Fixed Number of Bins#

mpg_p + geom_histogram(bins=10)

Fixed Bin Width#

mpg_p + geom_histogram(binwidth=2)

Custom Bins Using the breaks Parameter#

mpg_p + geom_histogram(breaks=[10, 16, 19, 24, 26, 30, 45])

Bin Alignment#

gggrid([
    mpg_p + geom_histogram(binwidth=5) + ggtitle("Default Bin Alignment"),
    mpg_p + geom_histogram(binwidth=5, center=10) + ggtitle("Bins Centered on 10"),
    mpg_p + geom_histogram(binwidth=5, boundary=10) + ggtitle("Bin Boundary at 10"),
], ncol=1)

Position Adjustments#

Interleaved Histogram#

mpg_p + geom_histogram(position='dodge')

Overlaid Semi-Transparent Histogram#

mpg_p + geom_histogram(position='identity', alpha=.5)

Parameter threshold#

The threshold parameter controls how the bin statistic is computed. When threshold=None (the default), all bins are retained.

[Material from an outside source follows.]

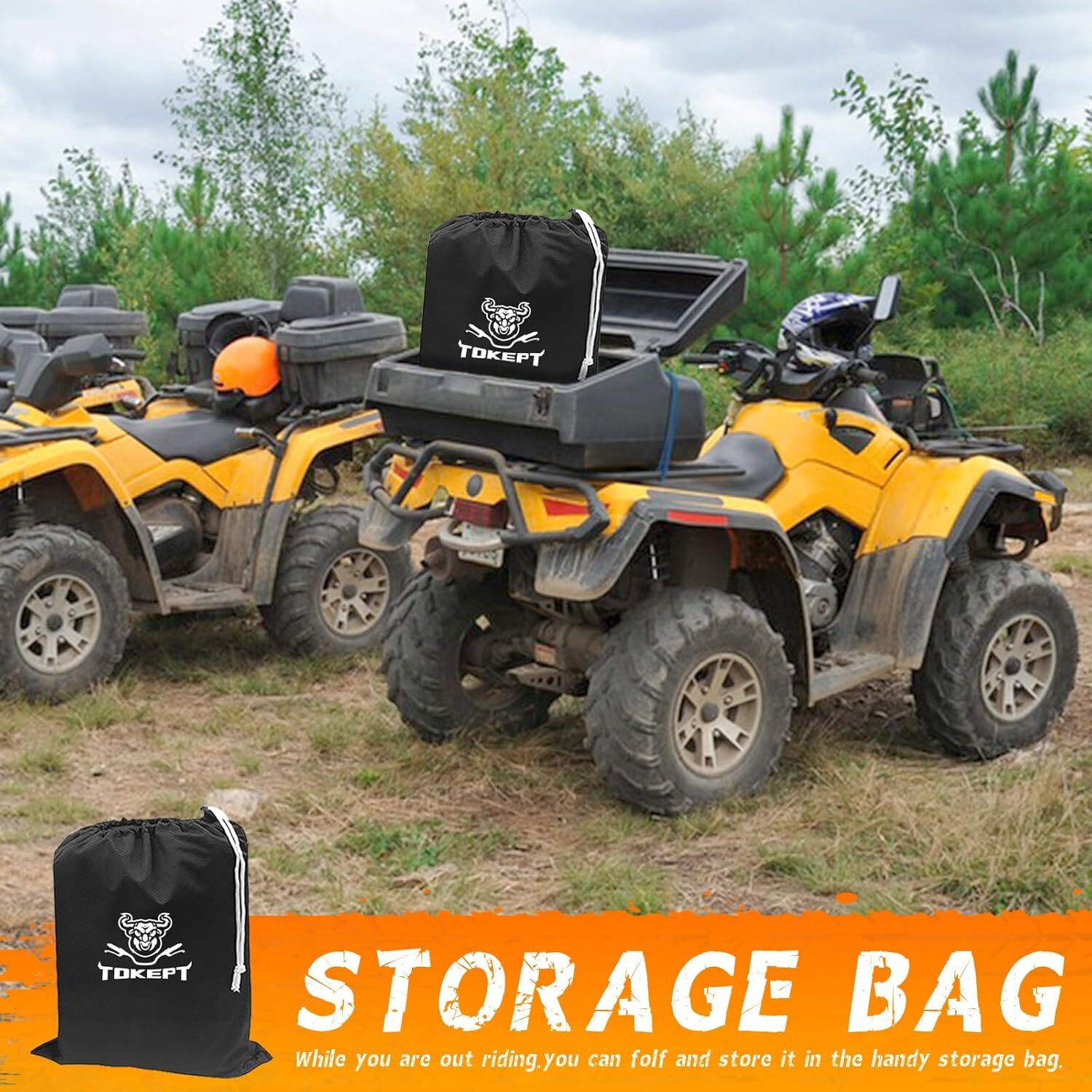 ATV Cover, Heavy Duty Black Waterproof Oxford Fabric Protective 4 Wheeler Quad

When threshold is 0 or another numeric value, bins with counts less than or equal to that value are dropped, but only if they are on the left or right edge of the histogram.

Dropping empty or low-count edge bins is particularly useful for faceted plots with free scales.

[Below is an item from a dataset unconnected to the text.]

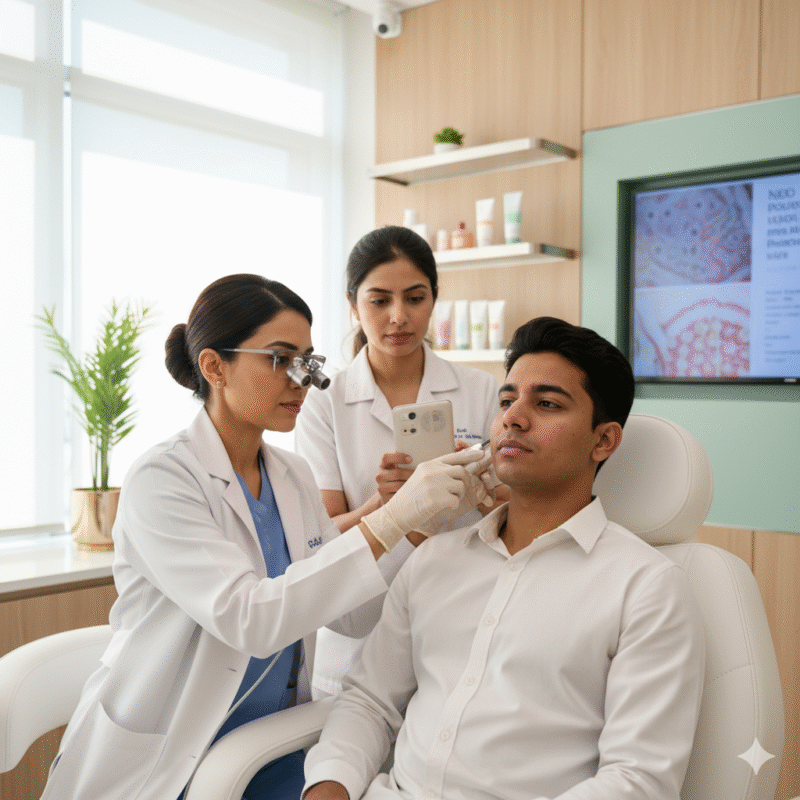 Expert examining acne marks during skin consultation in Hadapsar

iris_p = ggplot(iris_df, aes(x="petal_length", fill="species")) + facet_wrap(facets="species", scales='free_x')

Default Faceted Histogram with Free X-axis#

Despite scales='free_x', the x-axis still appears to be shared across the plot facets.

iris_p + geom_histogram(alpha=.5)

With a Threshold#

iris_p + geom_histogram(threshold=0, alpha=.5)